Почти во всех рассмотренных примерах поэтической глубины некрасовского текста наличествовал политический, запретный смысловой план. Однако нигде он — не единственный и не просто второй план, а лишь — один из сопутствующих. В этом, мне кажется, существенное отличие эзопова языка поэта от эзопова языка прозаиков, например, Чернышевского.
О СЛОВОУПОТРЕБЛЕНИИ
Едва ли есть что-нибудь более поучительное и нужное для начинающего литератора, чем изучение «творческой лаборатории писателя» — черновиков, набросков, материалов. Их надо изучать не только в общем и целом, для накопления профессионального опыта, — к ним надо возвращаться и по поводу частных технических вопросов, их надо пересматривать время от времени и под одним узким углом зрения. Тема нашей статьи — о словоупотреблении и лексике писателя — дает такую возможность.
Мы воспользуемся записными книжками А. П. Чехова[73]. В этих книжках (их три) собраны литературные заготовки разного рода: и наброски сюжетов, и бытовые факты, и эскизные портреты, и отрывки диалога для пьес (этот материал мы оставляем), и слова, отдельные слова, реплики, обороты речи. Рассмотрим эти записи.
«Работа над словом» в широком значении, то есть доведение языка вещи до стилистического совершенства, здесь не отразилась, почти не могла отразиться в таких «заготовках» — отрывочных, случайных, наполовину не использованных Чеховым. Но нас будет интересовать как раз работа над отдельным словом, накопление и отбор слов — то, что предшествует обработке полного, связного речевого построения или может быть обособлено от композиционно-стилистической шлифовки и переработки литературного произведения.
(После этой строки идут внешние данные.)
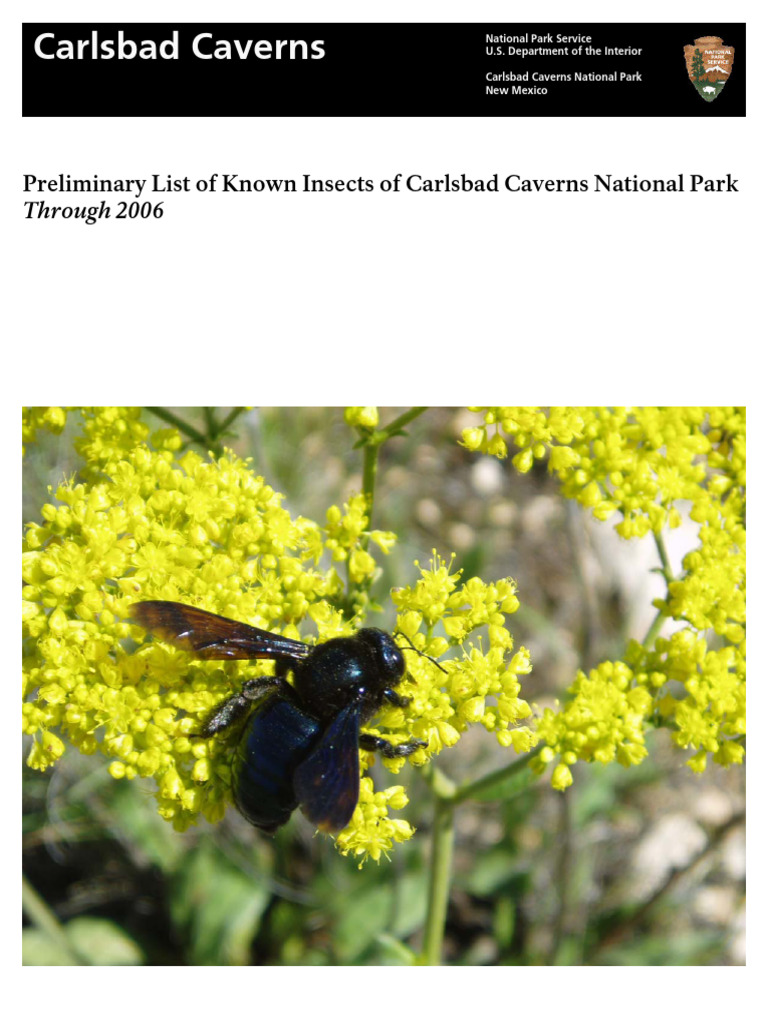 2007 CAVE Insects | PDF | Beetle | Insects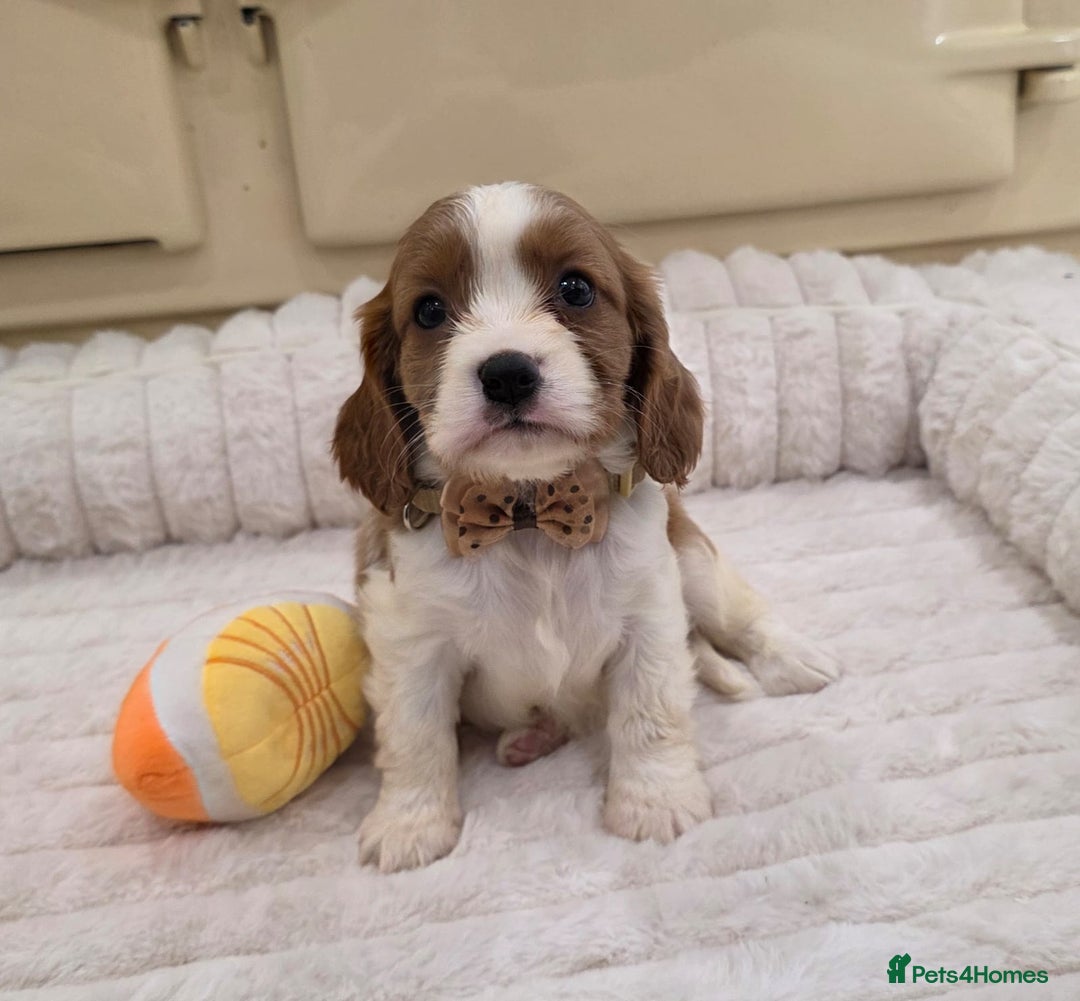 Cavalier King Charles Spaniel dogs for sale: KC Registered & DNA Tested Cavalier Puppies - Image 3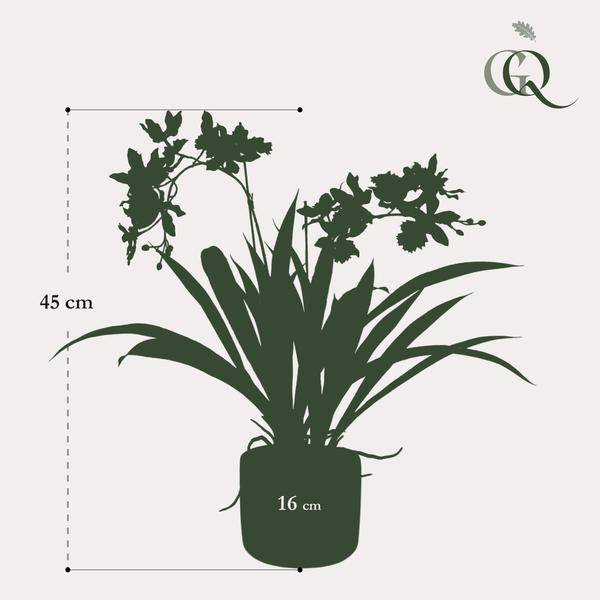 Künstliche Pflanze - Orchidee - Bordeaux - ↨45cm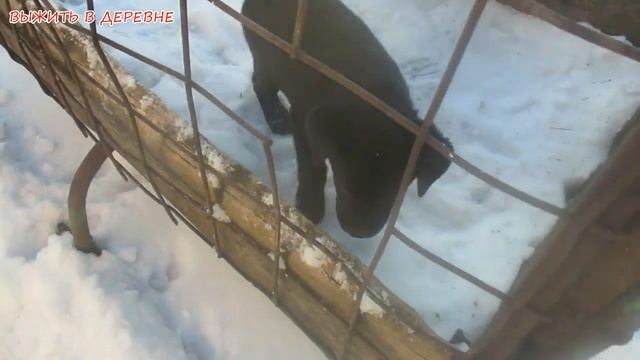 Мне подарили монстра.Вся семья в шоке.Теперь сидим дома.Семья в деревне.Гектор прикол..Юмор. смотреть онлайн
Для нашей темы гораздо целесообразнее брать материал из записных книжек писателя, чем из готовой, законченной вещи, где отдельное слово включено уже в многообразные связи окружающего текста, где оно «работает» не само по себе, а в тесной и ощутимой зависимости от ближайшего и общего контекста.
Чехов записывает и слова, раскрывшиеся ему в какой-то непривычной значительности, и фамилии, звучащие как хлесткие прозвища, и чужие, новые для него словечки, подхваченные на лету чутким писательским слухом, и словцо, найденное им самим для не оформленного еще, но уже зародившегося образа, словцо-проблеск, озаряющее глубины характера, сознания, и словцо-примету, ярким «своим» колоритом выделяющее классовый тип.
Интерес писателя к словам и «словечкам», конечно, несколько сродни распространенной у нас любви к «красному словцу». Не каждый раз придется к случаю меткое слово, не всякий может быстро откликнуться доходчивым словом, когда все его ждут, но всякий хотел бы блеснуть, «сказануть» так, «чтоб нечем было крыть». Сколько посредственных честолюбцев копят — записывают или заучивают — «крылатые слова»... Но эти накопления так же отличаются от записной книжки писателя, как запасы Плюшкина от материального двора какой-нибудь большой стройки или завода отличаются и по качеству, и по количеству, и по организации, и, главное, совсем несравнимы по цели.